Mario, ricondotto davanti al Barone capisce il tradimento di Tosca e la maledice. In quel momento arriva Sciarrone che annuncia la vittoria delle truppe francesi, Napoleone a sconfitto gli austriaci nella Battaglia di Marengo. Mario inneggia alla vittoria (l’alba vindice appar ) Scarpia lo condanna a morte per impiccagione. Giunge la notizia che Angelotti si è ucciso per evitare l’arresto: Scarpia ordina che sia appeso morto alle forche accanto a Cavaradossi.

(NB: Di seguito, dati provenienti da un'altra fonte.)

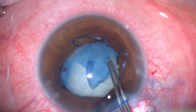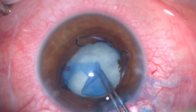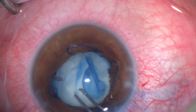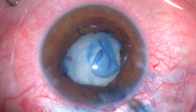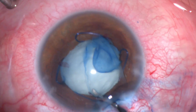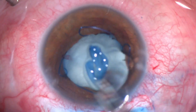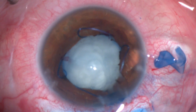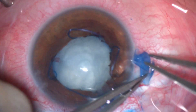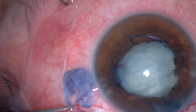Gradually spreading the capsulorrhexis in repeated small maneuvers, slowly bit by bit extending it to complete a decent size capsulorrhexis of about 5.5 millimeters. There was a small tag at the end which I removed with scissors. Once the capsule was completely freed I placed it on the surface of the eye to confirm the capsulorrhexis is complete.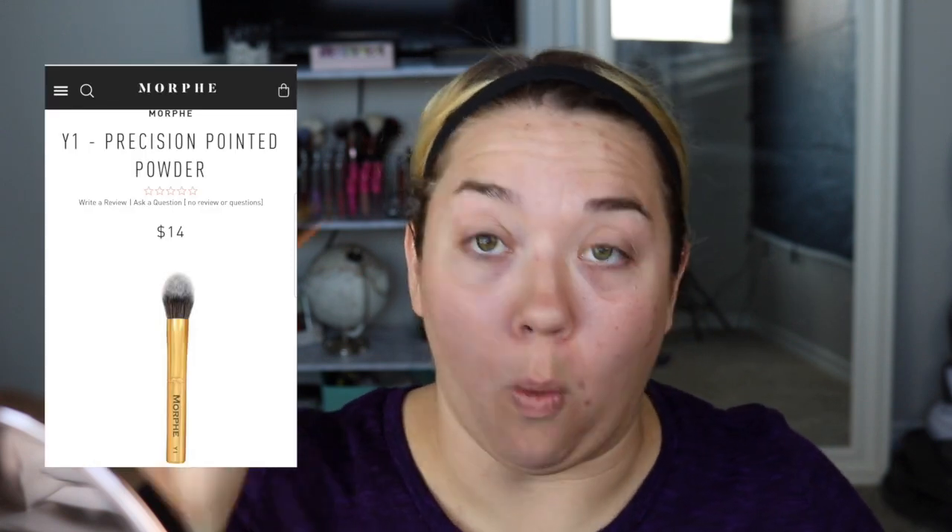Our third and last brush for today is the Y1 precision pointed powder brush. Keep in mind the subscription is $19.99 with no tax or shipping. These three brushes combined retail on the website for $35, so we just saved $15 plus tax and shipping. I think it's a really good deal.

Disperata, Tosca implora la grazia per Mario, il cinico Barone acconsente a patto che gli si conceda carnalmente. Atto II Palazzo Farnese

Vissi d’arte vissi d’amore

Sconvolta si rivolge a Dio in una delle più celebri arie liriche del mondo (Vissi d’arte vissi d’amore). Tosca messa alle strette cede. Scarpia, con un gesto d’intesa col fido Spoletta, fa credere a Tosca che il suo Mario sarà giustiziato con una fucilazione simulata. Compila quindi un salvacondotto che permetterà agli amanti di uscire dallo stato, Scarpia quindi si avvicina a Tosca per riscuotere il pattuito, ella quindi lo trafigge al cuore, e Scarpia muore. Tosca, in uno slancio di religiosa pietà, pone due candelabri accanto al cadavere, prende il salvacondotto e scappa.

Atto III Castel Sant’Angelo

L’atto terzo si svolge a Castel Sant’Angelo, È l’alba, un pastorello canta uno stornello romanesco, è questo un omaggio di Puccini a Mascagni che 10 anni prima nella sua Cavalleria Rusticana ha inaugurato questo stile sdoganando il canto lirico in dialetto. Sui bastioni della fortezza, Mario si prepara a morire, scrive un’ultima lettera d’amore a Floria, sopraffatto dai ricordi e dalla disperata nostalgia canta una delle cavatine più celebri della storia della lirica (E lucevan le stelle). Giunge Tosca, gli mostra il salvacondotto e lo informa della fucilazione simulata, gli raccomanda di fingere la morte. Mario però viene fucilato veramente, Tosca, inseguita dai poliziotti, grida «O Scarpia, avanti a Dio!» e salta giù dagli spalti del castello.